Are CD players dead


I went to an audiophile meeting today and the owner of the store said Cd's and cd players are dead. He said you need to start learning about computer audio or you will be left behind. Is what he is saying true?
taters
That's funny. It's had the same affect on me...and left me wishing that threads about the death of CD players were dead.
Good point on the not finding cd quality downloads. If that should ever break (read: if iTunes ever becomes cd quality 16/44) THEN things will take off like a rocket on the computer music side of things.

That of course assumes most of the people actually care if Apple does that!
i don't think so. i think the owner of the store is a salesman. nothing moves product like a sense of urgency. :)
Absolutely not. As with vinyl, there are people who prefer the experience and quality (whoever thought that something would make us nostalgic for CDs?) of the format.

I have played with all kinds of computer encoding formats, and no matter what (listening through Grado RS-1/RA-1 combo), it doesn't sound as good. Even lossless, which most people aren't going to use because of the space that a file requires.

This doesn't even take into account the complexities of full musical access. I am a huge fan of Japanoise bands (High Rise, Fushitsusha, Overhang Party, etc.). If I didn't have my CDs and companies that sell them, such as Forced Exposure, I'd be screwed.

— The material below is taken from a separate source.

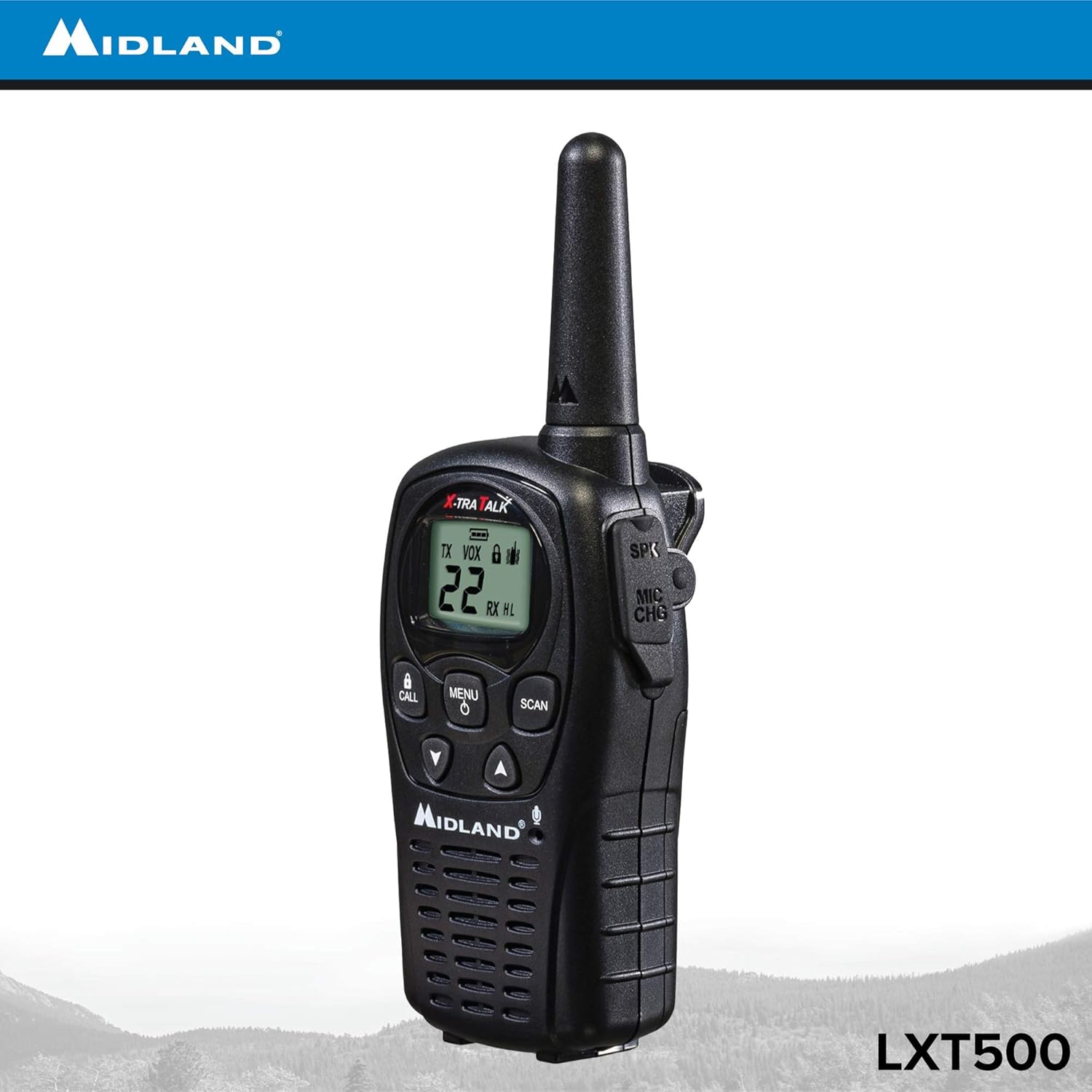 Midland - LXT500VP3, 22 Channel FRS Walkie Talkies with Channel Scan - Extended Range Two Way Radios, Silent Operation, Batteries Included (Pair Pack) (Black)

I think that the person who said that is in the business of selling the "next big thing," and that's computer audio. I like the idea of it, of having a giant hard drive with your whole music collection on it. I don't like the necessary redundancy, and the fact that your entire collection can be wiped out by a computer failure or hard drive crash. So you have to back it up, then back up the back up the back up the back up.

Or you can have CDs on the shelf. No brainer for me.